Work to complete:
Each line below should be repeated exactly as written, with no pictures carried over.

Supplied data:
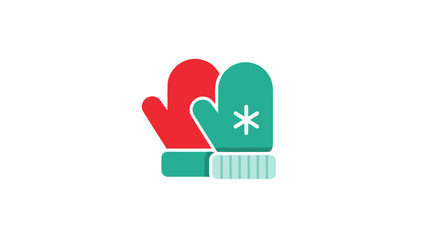 Cozy Winter Mittens Icon with Snowflake Detail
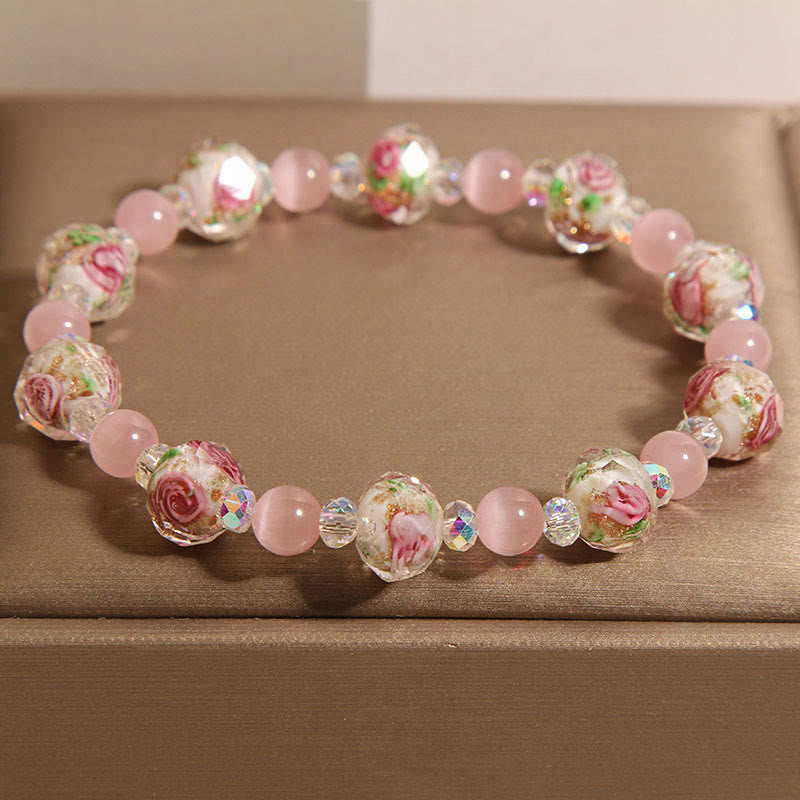 Rose Quartz and Liuli Glass Bead Bracelet with Clear Quartz and Cat's Eye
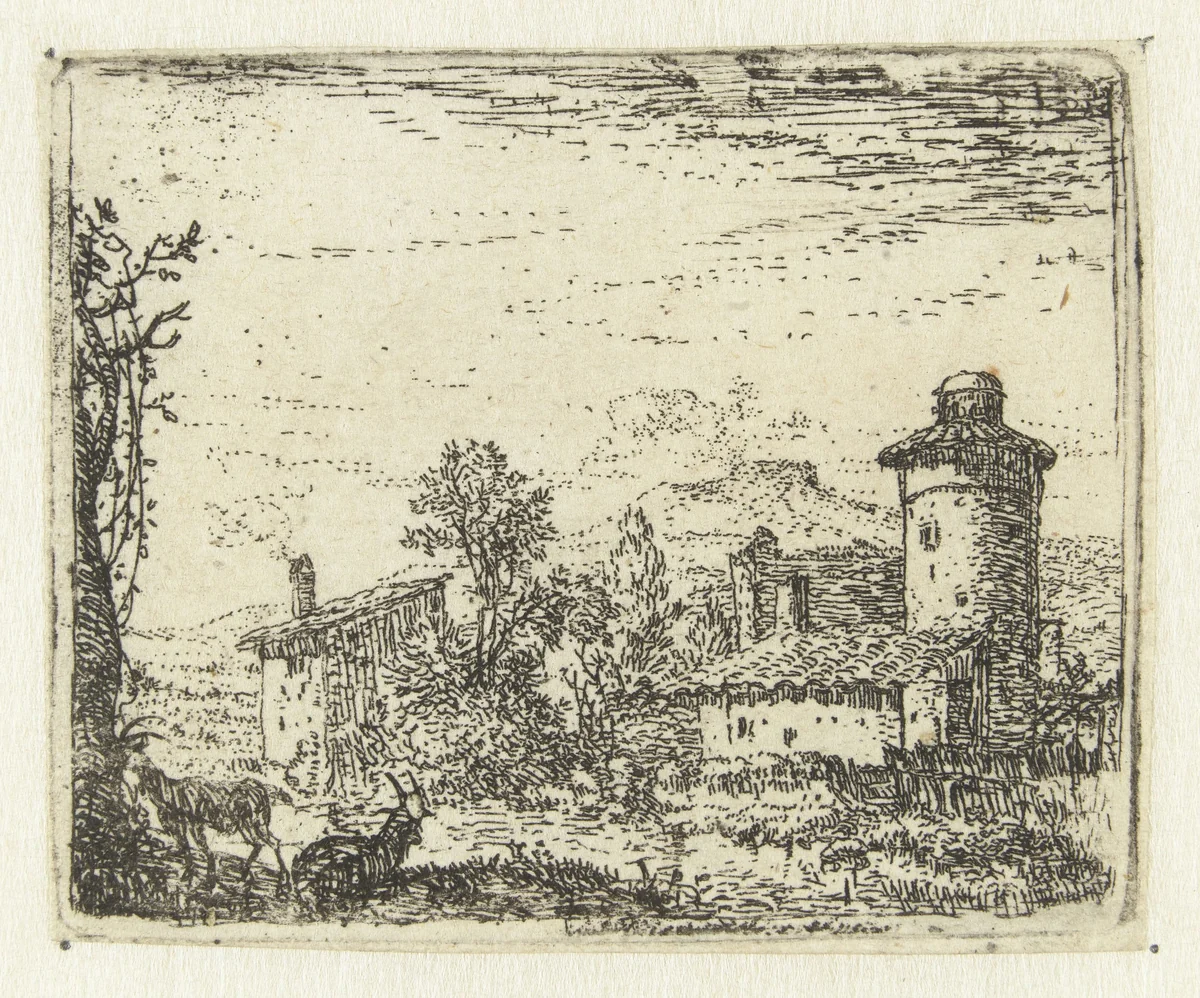 Italianiserend landschap met ronde toren en twee geiten by Karel du Jardin, print, 1652-1659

Answer box:
 Cozy Winter Mittens Icon with Snowflake Detail
 Rose Quartz and Liuli Glass Bead Bracelet with Clear Quartz and Cat's Eye
 Italianiserend landschap met ronde toren en twee geiten by Karel du Jardin, print, 1652-1659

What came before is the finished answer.